Cities Start Bidding for Americas Trade Area HQ
    By Kristin Roberts
    Reuters
    Nov.12, 2003

    MIAMI (Reuters) - As many as 10 cities in the Americas are expected to place formal bids this month to serve as headquarters for a regional trading bloc -- a designation that could bring millions in investment and immeasurable prestige to the winner.

    From the United States, Miami, Atlanta, Colorado Springs, Chicago and Houston will throw their hats into the ring. Port of Spain, the capital city of Trinidad and Tobago, is aggressively campaigning, along with Panama City and Mexico's Puebla and Cancun. Trade lobbyists say they expect one Brazilian city to bid as well.

    Panama City may appeal to the most countries, in part because of anti-U.S. feeling but also due to Panama's long-standing U.S. business ties.

    The winner will house the administrative center of the Free Trade Area of the Americas, and potentially gain thousands of jobs as lawyers, accountants, lobbyists and businesses collect in the vicinity, economists and city officials estimate.

    What's more, those campaigning for the candidate cities say the winning site will become to the Americas what Brussels is to the European Union, if the FTAA deal is concluded at all.

    "The economic benefits are real. How great they will be is not clear to me," said Terry McCoy, a University of Florida professor. "Even more important is the prestige and status of getting it."

    If finalized, the Free Trade Area of the Americas will be the largest free-trade area in the world, trumping the European Union, as it frees the flow of goods and services among 34 countries and brings together 800 million consumers and a $14 trillion marketplace.

    Its headquarters will employ about 200 people. After that, the estimated economic impact is sketchy at best.

    A report from Enterprise Florida, the state's economic development group, offered some lofty numbers. If the headquarters were placed in Miami, 89,000 jobs would be created in the area, adding $3.2 billion to annual payrolls, it said.

    That was based on case studies of European Union institutions in Brussels and the World Bank in Washington, D.C., according to the report, which said the Miami estimates were "conservative and should be viewed as minimum-level impacts."

    The report's author did not return calls for more detail.

    In Atlanta, a richer city that already hosts more than a dozen Fortune 500 companies, the secretariat would create 26,000 jobs and have a $500 million impact, said Jose Gonzalez, executive director of the group leading that city's campaign.

    Trade analysts caution that such aggressive estimates are simply guesses, and the true economic impact depends largely on what function negotiators decide the secretariat will play.

    BUSH FAMILY TIES

    The deadline for cities to declare their interest in hosting the headquarters is Nov. 20, during the FTAA ministerial meeting in Miami.

    The procedure for picking the secretariat city is purposely vague, according to analysts who say the ultimate decision will be a negotiating point as officials move toward a final deal.

    The decision could come at any time from three months to a year after the Miami ministerial meeting.
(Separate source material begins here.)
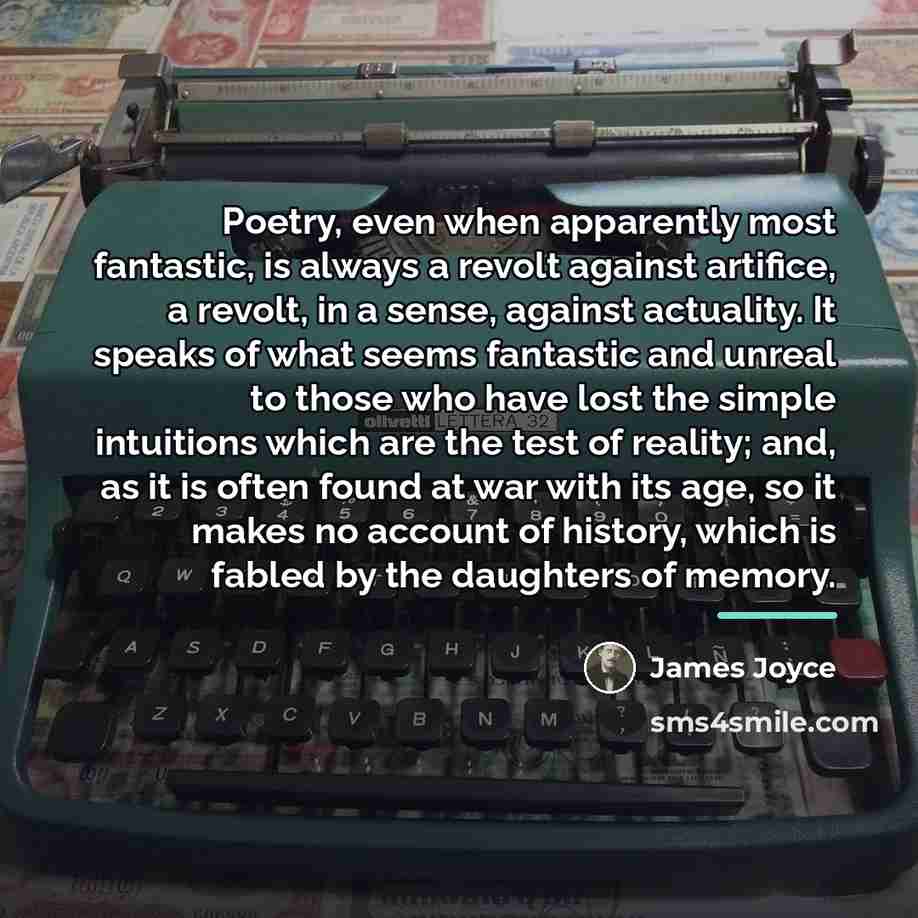 “Poetry, even when apparently most fantastic, is always a revolt…” quote by James Joyce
That assumes the trade deal itself is completed, a development far from secure.

    Washington will choose a U.S. contender for the secretariat from among the cities bidding, city officials said.

    While many outside the United States say Atlanta may be preferred because of the absence of a Cuban-American community, known to protest regularly when people with any link to Fidel Castro's communist Cuba visit Florida, lobbyists and some officials said Miami has a leg up thanks to family ties -- Florida Gov. Jeb Bush is a brother of the U.S. president.

    "I don't think it's a disadvantage," said Eugene Rostov, an attorney and member of the group pushing Miami's candidacy, about the White House connection.

    Miami sees itself as best suited for the secretariat, thanks to a multilingual population and ties between its population and communities throughout the Caribbean and Latin America.

    In addition to Miami, Atlanta and Trinidad's Port of Spain have been the most vocal campaigners by far.

    But Panama City stands the best chance of appealing to all countries because it is part of Latin America and has a long link to U.S. business, executives and lobbyists said.

    That may be critical to securing the deal.

    Trinidad also has argued it is crucial to place the secretariat outside the United States, just as the European Union placed its home outside of its larger member nations.

    "There is hostility toward the U.S. from people throughout these other countries in the region," said Charles Jainarain, president of trade consulting firm Greenheart International Llc. "I think we severely underestimate that sentiment."